D’une certaine façon, tous les textes de cet ouvrage sont investis par l’élan de l’amitié. Ils eussent été considérés avec bonheur par Montaigne, qui en connaissait long sur l’amitié, mais ils eussent encore ravi Aristote, qui conceptualisa l’amitié en d’ingénieuses vues dans son Éthique à Nicomaque. Et bien évidemment, l’amitié la plus vive est encore celle qui serre la main de la littérature, parce que c’est elle qui rapproche décisivement les romanciers, de même qu’elle rapproche deux inconnus chaque fois qu’un livre est lu (l’auteur et le lecteur, étrange réciprocité à laquelle tient beaucoup Paul Auster).

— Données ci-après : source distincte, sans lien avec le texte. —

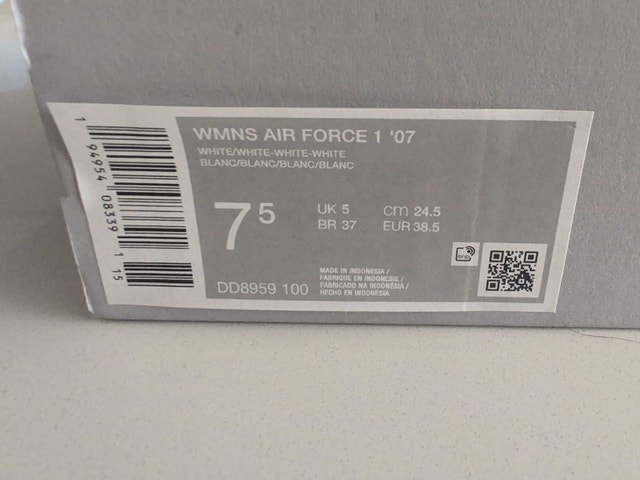 7.5 Nike Women's Air Force 1 '07 Shoes - photo 4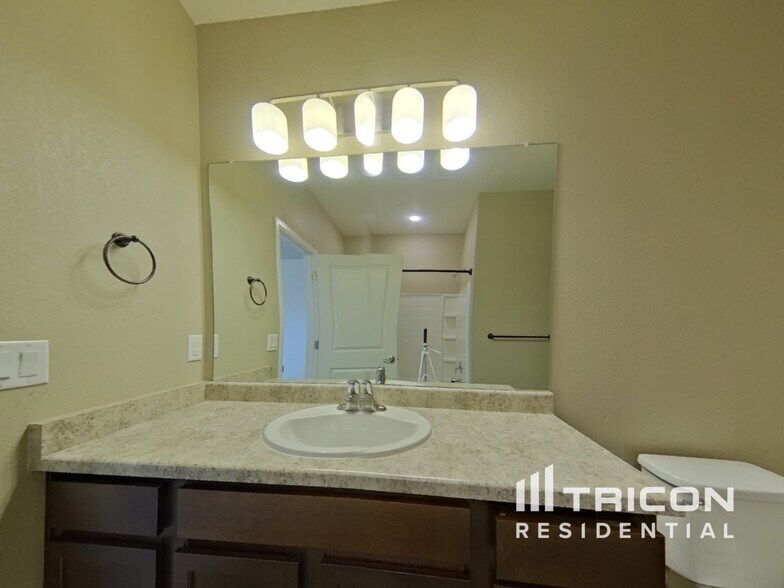 Building Photo - 7115 Shavano Cir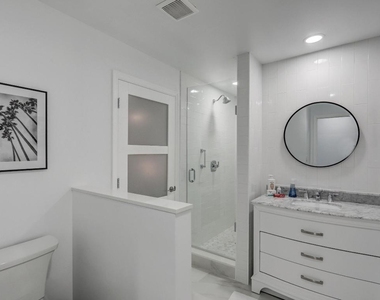 6 Lexington Lane E - Photo Thumbnail 25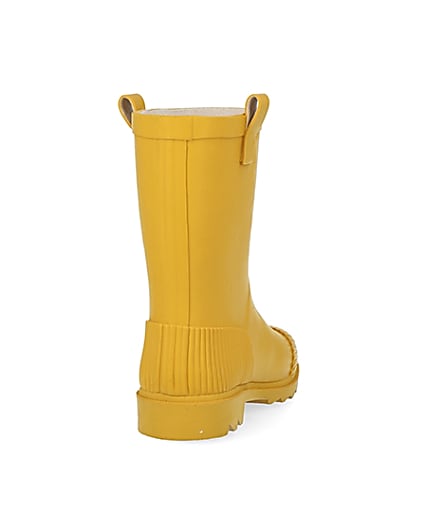 360 degree animation of product Yellow ribbed wellie boots frame-10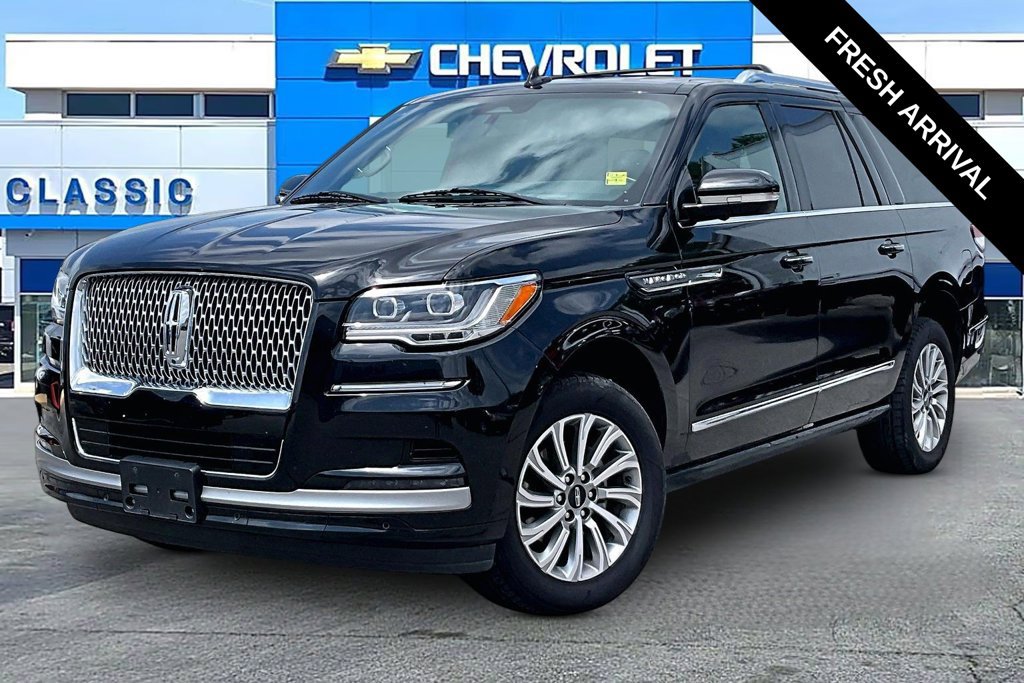 Used 2024 Lincoln Navigator L 4WD image 2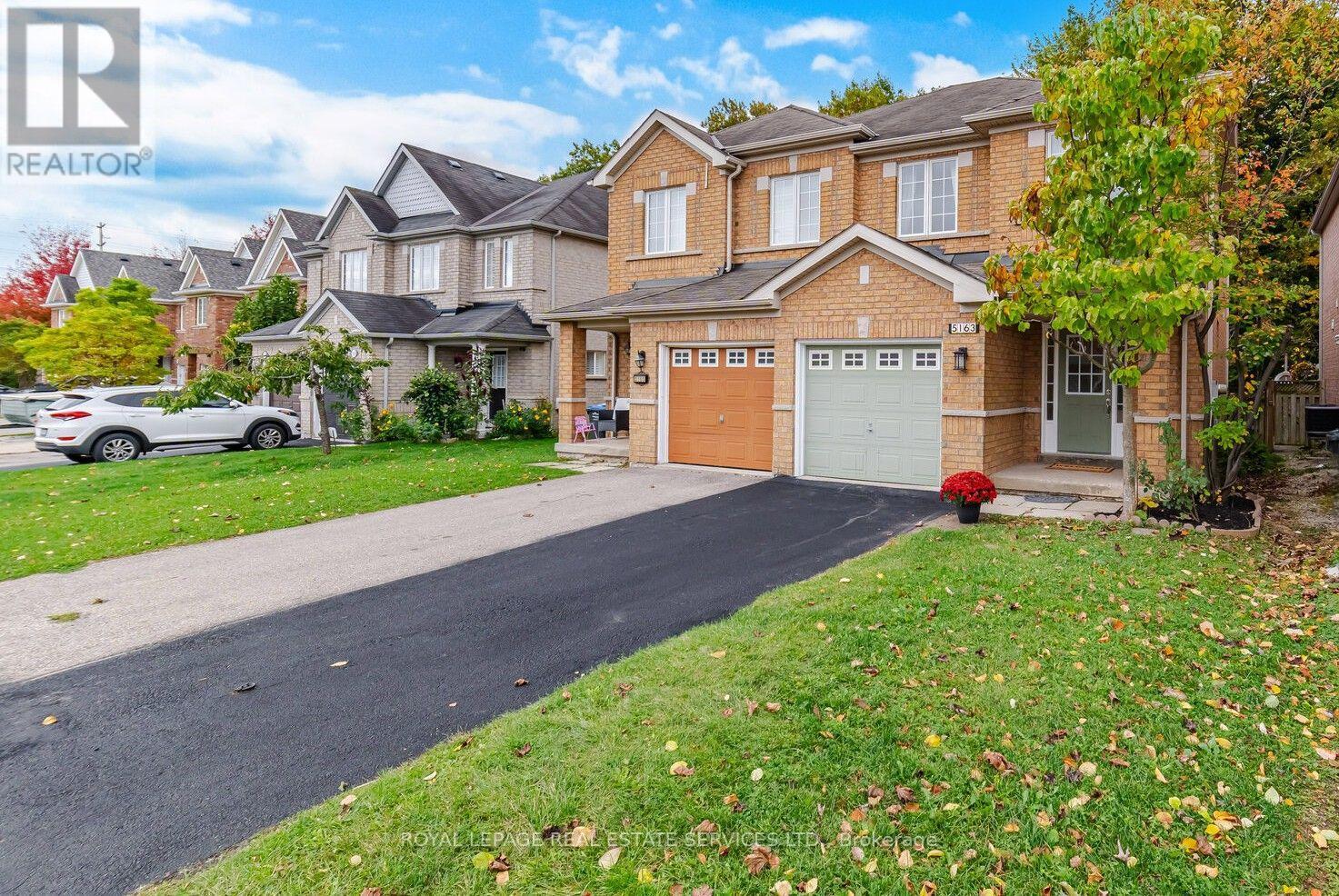 5163 Preservation Circle, Mississauga, Ontario  L5M 7T4 - Photo 2 - W14080088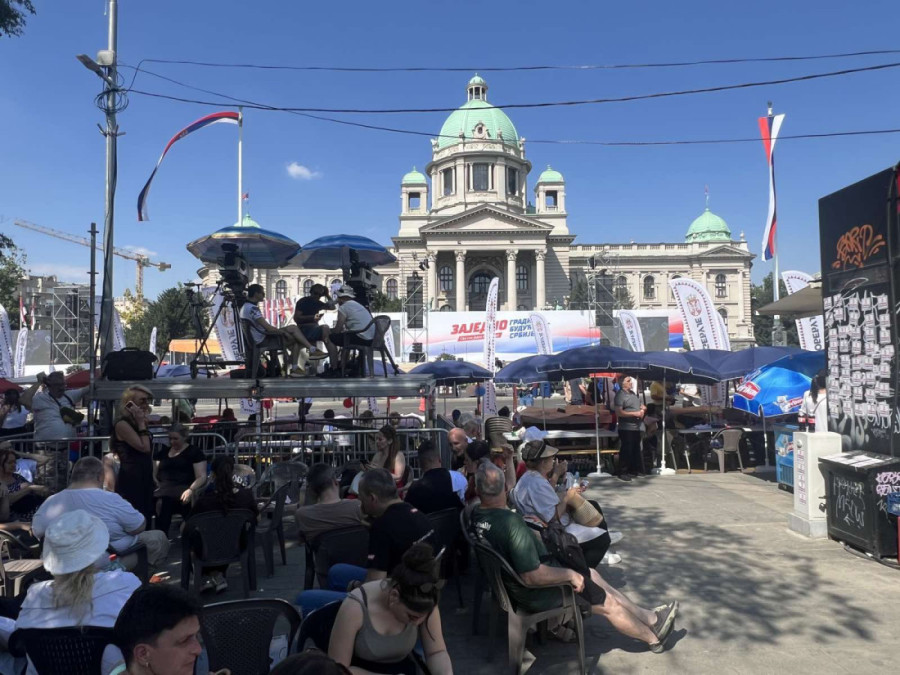 Spektakl na ulicama Beograda: Veliki broj građana i bajkeri, svi stižu u centar prestonice! (FOTO/VIDEO)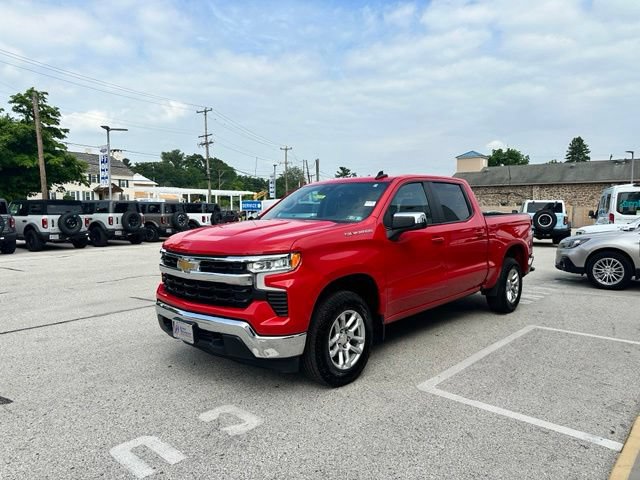 Used 2023 Chevrolet Silverado 1500 LT AWD/4WD image 6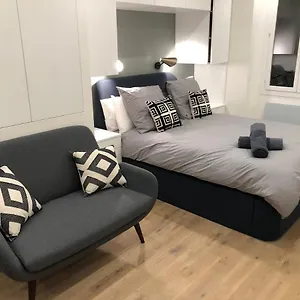 https://studio-design-proche-champs-elysees.fr-paris.fr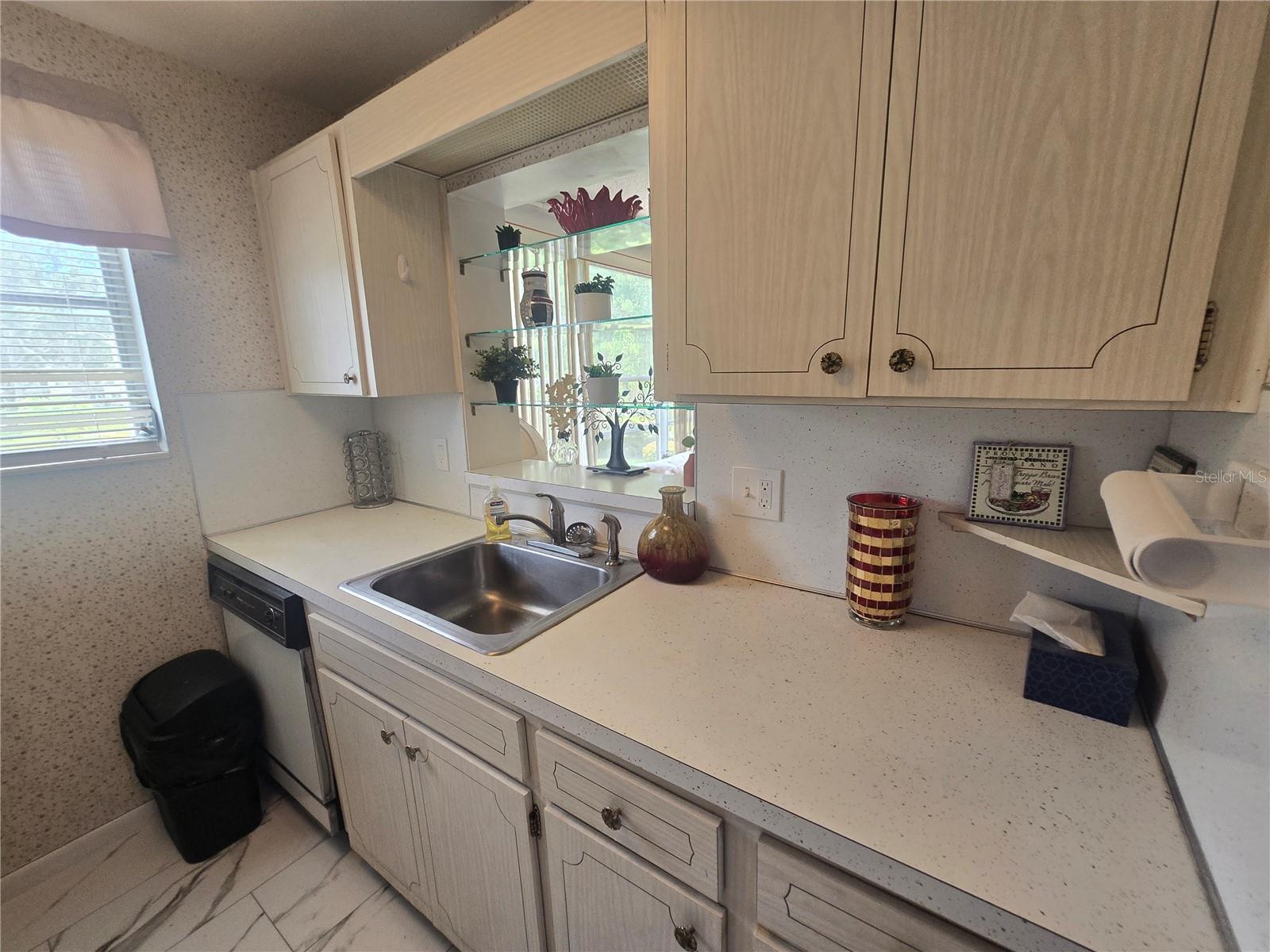 5750 80TH ST N #B206 — photo 30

Pour finir, on ne manquera pas de signaler que Michael Wood, qui s’entretient avec Paul Auster pour The Paris Review, mentionne l’admiration particulière de son hôte pour l’un de ses amis, en l’occurrence un acteur prolifique des lettres américaines qui est un véritable géant : Don DeLillo. Comme nous, ceux qui estiment légitime de faire de Paul Auster et de Don DeLillo deux des plus grands romanciers vivants des États-Unis, ceux-là, donc, savent que le premier à dédié son Léviathan au second, et que le second a dédié son Cosmopolis au premier (c’est du reste l’anecdote relevée par Michael Wood).

Post-scriptum : Paul Auster est tout aussi excellent dans le roman que dans les textes théoriques, et nous attendons avec impatience son prochain travail de non-fiction qui s’intéressera à l’œuvre injustement minorée de Stephen Crane (1871-1900), mort la même année que Nietzsche.